Amazon API Gateway is an API management service that allows you to create, publish, monitor, and maintain APIs at scale. You can use it to front microservices on Lambda, EC2, or S3 without writing integrations. It offers an easier to manage approach to scaling as ELB configuration is managed by AWS.
- APIs are the root of the configuration and define resources. These can be imported from OpenAPI/Swagger definitions.
- Resources define URLs.
- Resource Policies allow per-method control over which callers are permitted to perform which operations.
- IAM Policies can be used if the method's "Authorisation" is set to
- Methods define actions that are taken for specific HTTP methods.
- Integration types allow handing off requests to a backend for processing.
- Stages represent environments (e.g. development, pre-production, production or an API version).

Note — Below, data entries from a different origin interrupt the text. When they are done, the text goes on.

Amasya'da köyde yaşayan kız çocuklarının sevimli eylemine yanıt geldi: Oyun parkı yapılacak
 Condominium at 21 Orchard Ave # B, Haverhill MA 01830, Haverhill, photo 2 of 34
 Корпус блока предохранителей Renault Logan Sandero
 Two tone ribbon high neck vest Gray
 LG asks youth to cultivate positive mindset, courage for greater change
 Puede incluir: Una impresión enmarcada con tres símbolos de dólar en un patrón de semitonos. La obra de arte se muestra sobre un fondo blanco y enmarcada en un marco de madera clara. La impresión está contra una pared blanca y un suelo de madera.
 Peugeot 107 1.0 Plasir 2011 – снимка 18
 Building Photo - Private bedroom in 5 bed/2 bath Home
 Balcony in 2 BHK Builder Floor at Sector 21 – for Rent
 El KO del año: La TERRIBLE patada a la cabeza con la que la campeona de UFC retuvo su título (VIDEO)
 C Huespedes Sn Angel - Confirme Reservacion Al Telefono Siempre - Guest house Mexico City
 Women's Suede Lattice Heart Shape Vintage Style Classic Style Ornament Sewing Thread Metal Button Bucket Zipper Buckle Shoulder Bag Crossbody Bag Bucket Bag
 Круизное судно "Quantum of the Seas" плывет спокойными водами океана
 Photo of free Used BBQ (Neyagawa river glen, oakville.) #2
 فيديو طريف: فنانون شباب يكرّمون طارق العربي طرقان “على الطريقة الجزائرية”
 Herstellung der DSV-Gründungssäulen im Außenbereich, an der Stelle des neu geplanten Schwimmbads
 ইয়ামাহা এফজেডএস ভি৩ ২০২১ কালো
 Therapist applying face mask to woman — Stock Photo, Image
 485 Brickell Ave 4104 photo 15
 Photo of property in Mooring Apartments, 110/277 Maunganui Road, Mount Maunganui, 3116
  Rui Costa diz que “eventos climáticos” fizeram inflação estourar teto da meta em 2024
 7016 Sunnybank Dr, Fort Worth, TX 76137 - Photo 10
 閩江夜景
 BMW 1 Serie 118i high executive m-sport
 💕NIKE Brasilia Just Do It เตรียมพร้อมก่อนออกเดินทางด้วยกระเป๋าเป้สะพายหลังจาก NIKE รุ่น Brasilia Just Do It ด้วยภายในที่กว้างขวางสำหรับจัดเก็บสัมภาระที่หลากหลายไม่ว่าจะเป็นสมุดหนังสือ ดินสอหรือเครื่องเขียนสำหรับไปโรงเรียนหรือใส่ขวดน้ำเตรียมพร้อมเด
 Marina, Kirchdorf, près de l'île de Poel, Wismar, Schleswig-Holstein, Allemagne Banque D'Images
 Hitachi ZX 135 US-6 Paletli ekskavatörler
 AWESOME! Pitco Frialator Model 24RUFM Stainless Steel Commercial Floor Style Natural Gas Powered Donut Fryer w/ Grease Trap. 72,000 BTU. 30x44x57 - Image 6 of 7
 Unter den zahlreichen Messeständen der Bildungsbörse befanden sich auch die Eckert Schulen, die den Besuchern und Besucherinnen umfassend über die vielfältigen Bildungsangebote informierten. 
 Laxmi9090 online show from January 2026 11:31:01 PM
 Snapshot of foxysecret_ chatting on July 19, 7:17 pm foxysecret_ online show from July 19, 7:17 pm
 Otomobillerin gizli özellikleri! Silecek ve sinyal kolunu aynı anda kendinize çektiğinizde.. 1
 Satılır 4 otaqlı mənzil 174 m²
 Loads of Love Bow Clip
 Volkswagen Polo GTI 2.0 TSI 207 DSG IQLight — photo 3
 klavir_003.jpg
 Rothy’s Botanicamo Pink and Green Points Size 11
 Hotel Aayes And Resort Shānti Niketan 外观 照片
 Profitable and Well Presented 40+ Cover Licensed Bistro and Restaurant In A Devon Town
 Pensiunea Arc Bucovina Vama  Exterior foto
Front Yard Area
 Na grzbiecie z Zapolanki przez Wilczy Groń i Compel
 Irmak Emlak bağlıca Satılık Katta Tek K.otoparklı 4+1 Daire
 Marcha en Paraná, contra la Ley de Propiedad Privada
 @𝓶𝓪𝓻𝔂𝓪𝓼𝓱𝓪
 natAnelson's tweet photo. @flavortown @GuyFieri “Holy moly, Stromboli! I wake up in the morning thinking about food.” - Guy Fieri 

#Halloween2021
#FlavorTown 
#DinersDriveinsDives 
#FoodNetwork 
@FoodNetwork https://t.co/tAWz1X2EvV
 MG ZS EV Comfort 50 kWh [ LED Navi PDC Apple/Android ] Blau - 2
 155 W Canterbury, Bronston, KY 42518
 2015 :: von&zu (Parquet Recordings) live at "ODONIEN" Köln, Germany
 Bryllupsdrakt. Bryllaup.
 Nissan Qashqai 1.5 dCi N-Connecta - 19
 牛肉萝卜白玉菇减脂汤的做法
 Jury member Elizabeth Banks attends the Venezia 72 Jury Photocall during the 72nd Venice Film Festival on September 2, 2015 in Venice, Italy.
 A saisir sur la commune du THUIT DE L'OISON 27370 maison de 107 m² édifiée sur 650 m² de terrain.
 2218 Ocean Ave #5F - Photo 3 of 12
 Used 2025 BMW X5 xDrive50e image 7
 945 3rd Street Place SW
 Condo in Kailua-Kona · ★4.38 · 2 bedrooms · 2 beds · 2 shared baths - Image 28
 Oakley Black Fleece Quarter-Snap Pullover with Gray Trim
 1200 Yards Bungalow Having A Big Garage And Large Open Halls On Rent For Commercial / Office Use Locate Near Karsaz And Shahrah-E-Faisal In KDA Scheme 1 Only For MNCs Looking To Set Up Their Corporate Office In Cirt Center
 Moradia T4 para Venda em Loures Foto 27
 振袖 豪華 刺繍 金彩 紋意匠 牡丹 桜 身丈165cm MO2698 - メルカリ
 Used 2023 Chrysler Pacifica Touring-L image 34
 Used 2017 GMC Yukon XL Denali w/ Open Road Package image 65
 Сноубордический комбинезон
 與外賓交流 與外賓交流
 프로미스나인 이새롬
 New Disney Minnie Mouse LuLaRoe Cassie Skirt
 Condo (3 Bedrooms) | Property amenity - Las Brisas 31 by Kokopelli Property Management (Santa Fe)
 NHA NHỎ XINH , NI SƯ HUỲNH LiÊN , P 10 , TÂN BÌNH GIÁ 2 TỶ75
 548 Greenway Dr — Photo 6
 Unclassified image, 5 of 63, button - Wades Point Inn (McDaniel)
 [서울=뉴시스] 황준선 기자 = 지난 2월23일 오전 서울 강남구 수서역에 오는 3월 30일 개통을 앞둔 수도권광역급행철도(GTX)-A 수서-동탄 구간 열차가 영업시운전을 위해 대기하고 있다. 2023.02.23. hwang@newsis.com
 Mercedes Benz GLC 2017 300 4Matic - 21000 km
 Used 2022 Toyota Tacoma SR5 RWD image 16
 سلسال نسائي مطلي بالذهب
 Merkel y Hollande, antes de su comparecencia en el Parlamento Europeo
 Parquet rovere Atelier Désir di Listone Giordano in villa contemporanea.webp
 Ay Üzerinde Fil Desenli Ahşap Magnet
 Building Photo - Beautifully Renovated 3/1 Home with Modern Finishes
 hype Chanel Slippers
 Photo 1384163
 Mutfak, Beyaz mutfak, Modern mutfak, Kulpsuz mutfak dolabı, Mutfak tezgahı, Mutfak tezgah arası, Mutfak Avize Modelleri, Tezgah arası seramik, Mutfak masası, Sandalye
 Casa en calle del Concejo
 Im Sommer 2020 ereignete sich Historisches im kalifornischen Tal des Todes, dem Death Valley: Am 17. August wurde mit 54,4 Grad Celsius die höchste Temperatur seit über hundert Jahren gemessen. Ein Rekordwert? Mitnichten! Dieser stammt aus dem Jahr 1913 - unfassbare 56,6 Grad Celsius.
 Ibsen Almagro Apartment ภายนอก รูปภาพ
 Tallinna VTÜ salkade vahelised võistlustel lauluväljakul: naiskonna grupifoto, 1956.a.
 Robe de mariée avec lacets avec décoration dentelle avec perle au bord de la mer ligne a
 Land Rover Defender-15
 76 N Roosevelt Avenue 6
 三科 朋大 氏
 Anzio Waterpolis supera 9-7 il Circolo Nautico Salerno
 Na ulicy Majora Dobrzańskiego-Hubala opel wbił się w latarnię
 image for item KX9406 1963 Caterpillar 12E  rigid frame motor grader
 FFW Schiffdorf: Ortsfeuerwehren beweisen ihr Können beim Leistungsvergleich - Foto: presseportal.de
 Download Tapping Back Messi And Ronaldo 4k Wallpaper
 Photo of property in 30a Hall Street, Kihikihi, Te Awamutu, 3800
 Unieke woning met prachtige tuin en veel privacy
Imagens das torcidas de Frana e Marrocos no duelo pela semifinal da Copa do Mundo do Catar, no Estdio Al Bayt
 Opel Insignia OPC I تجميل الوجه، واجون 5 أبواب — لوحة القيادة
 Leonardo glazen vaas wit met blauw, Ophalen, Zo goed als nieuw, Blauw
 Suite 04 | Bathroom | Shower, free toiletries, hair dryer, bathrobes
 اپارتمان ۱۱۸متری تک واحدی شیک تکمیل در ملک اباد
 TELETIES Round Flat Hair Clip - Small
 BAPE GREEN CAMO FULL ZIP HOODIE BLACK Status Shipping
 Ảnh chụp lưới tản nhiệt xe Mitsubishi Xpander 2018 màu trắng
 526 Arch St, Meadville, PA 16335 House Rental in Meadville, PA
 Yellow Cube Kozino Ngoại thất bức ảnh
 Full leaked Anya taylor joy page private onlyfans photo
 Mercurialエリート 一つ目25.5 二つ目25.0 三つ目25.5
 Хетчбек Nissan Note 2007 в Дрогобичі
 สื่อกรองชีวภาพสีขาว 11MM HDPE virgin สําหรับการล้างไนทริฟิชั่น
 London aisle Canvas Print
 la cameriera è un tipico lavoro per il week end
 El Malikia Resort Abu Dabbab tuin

- Authorisers are Lambda functions which can authenticate and authorise users against external sources of user data. Responses from the Lambda function can be cached to reduce costs and improve performance. Based on the Lambda response, the API Gateway will either execute the method or return a 403.
- Gateway Responses allow configuration of errors pages preventing the API Gateway from submitting the request to the integration.
- Models define the data structures for request payloads.
- Documentation is comprised of document parts.
- Usage Plans allow limiting API consumption per API key. Lower limits can be set per-method.
- API Keys are used for authentication, authorisation and throttling. They enable differentiating between clients.
API requests and responses can be transformed by the API Gateway service, via mapping templates written in Apache VTL.
Integrations allow the API Gateway to hand off requests onto other AWS or external services for processing:
- Lambda Function lets you hand off processing to a Lambda function.
- HTTP allows proxying the request to another API.
- Mock causes the API Gateway to generate valid responses
- AWS Service provides integrations for e.g. DynamoDB or S3.
Stages allow modelling API versions or deployment environments.
Client SDK generation for a stage's currently deployed version is supported for several languages.
Request throttling, by rate and burst (maximum concurrent requests) and response caching can be enabled for all methods within:
- An AWS account
- A stage
- A usage plan
Throttled requests will receive a 429.
Quotas can be assigned per-day, per-week and per-month for each API key.
API Gateway instances can be configured to send and process CORS headers on behalf of the application, reducing application complexity.
Changes to API configuration are versioned, with a new Deployment being created for each version once it's deployed to a stage. These deployments can be promoted to other stages using their creation time as an identifier. Changes only take effect once the Deployment is applied to a Stage.
Canary deployment can be enabled per-stage, allowing you to split traffic between the new and old deployments at set percentages until you're ready to fully promote a version.